Para Suely, é importante que as pessoas tomem conhecimento de todos os retrocessos que o governo tem feito desde o início de sua gestão, principalmente com o “passar a boiada” do ministro do Meio Ambiente, Ricardo Salles. 

“É super importante, nessa fase, no ano que vem, em que vamos discutir a campanha eleitoral, se envolver, reclamar, pedir. Eles estão destruindo coisas que vínhamos fazendo há quatro, cinco décadas”, declarou. 

Segundo Suely, é fundamental praticar esse envolvimento. Uma pesquisa do IBOPE Inteligência, encomendada pelo Instituto de Tecnologia e Sociedade (ITS Rio), mostrou o que o brasileiro pensa sobre meio ambiente. 77% dos brasileiros preferem proteger o meio ambiente mesmo que isso signifique menos crescimento econômico, 95% sabe que as mudanças climáticas estão aí e têm interferência humana. Mas, quando a pesquisa chega para o que os brasileiros fazem, o número é muito pequeno. 

‘Precisamos impulsionar as pessoas a fazer um pouco mais e passar a mensagem da questão ambiental. Eu não acredito em reversão do governo Bolsonaro, mas na luta sim.

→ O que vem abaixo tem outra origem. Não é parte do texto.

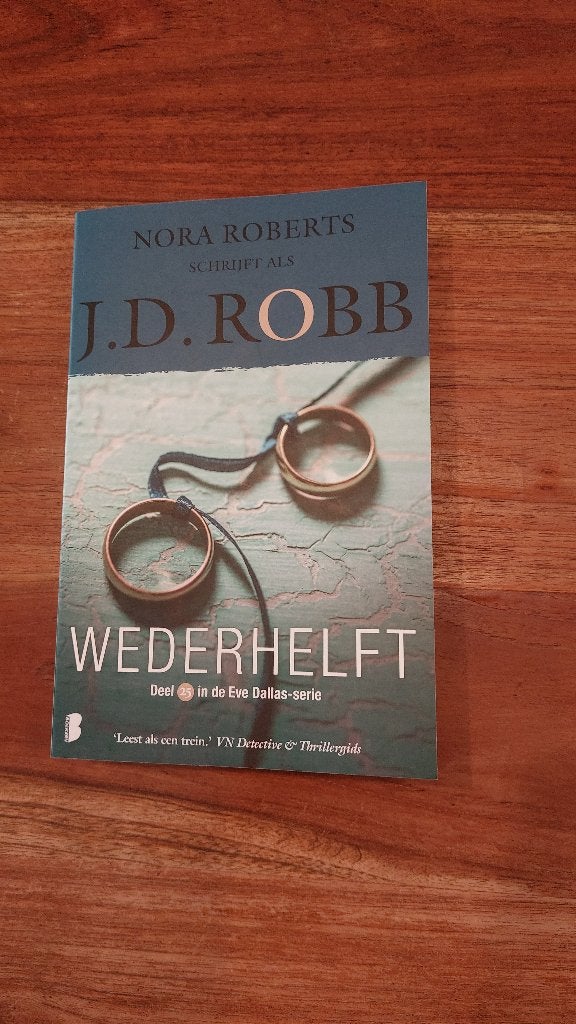 Wederhelft J.D.ROBB, Boeken, Ophalen of Verzenden, Nieuw, J.D. Robb; Nora Roberts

E essa luta tem que ser ampliada, sair da redoma dos técnicos ambientalistas, assim como eu, e atingir uma porção maior da população. Acho que a população já percebeu a importância de tudo isso, precisamos ajudá-los a se mover. Educação ambiental, agroecologia e a questão racial são importantes e podem incentivar a luta pela proteção do meio ambiente”, concluiu ela. 

Para concluir o evento, Sheila de Carvalho, advogada de Direitos Humanos e integrante da Coalizão Negra por Direitos, falou sobre a importância dessas lutas mencionadas anteriormente para combater a fome. Segundo o Inquérito Nacional sobre Insegurança Alimentar no Contexto da Pandemia da Covid-19 no Brasil, conduzido pela Rede PENSSAN, mais da metade da população brasileira vive em alguma situação de insegurança alimentar e 19 milhões de pessoas passaram fome nos últimos três meses de 2020. 

“Falamos hoje de trajetórias diferentes, mas que se conectam e que sonham com outro mundo, muito melhor que este que estamos vivendo. Essa relação entre comida, moradia, sobrevivência e vínculo comunitário é o que une todos nós. Afinal, as práticas do governo não só matam a humanidade de agora, mas a do futuro também”, finalizou ela.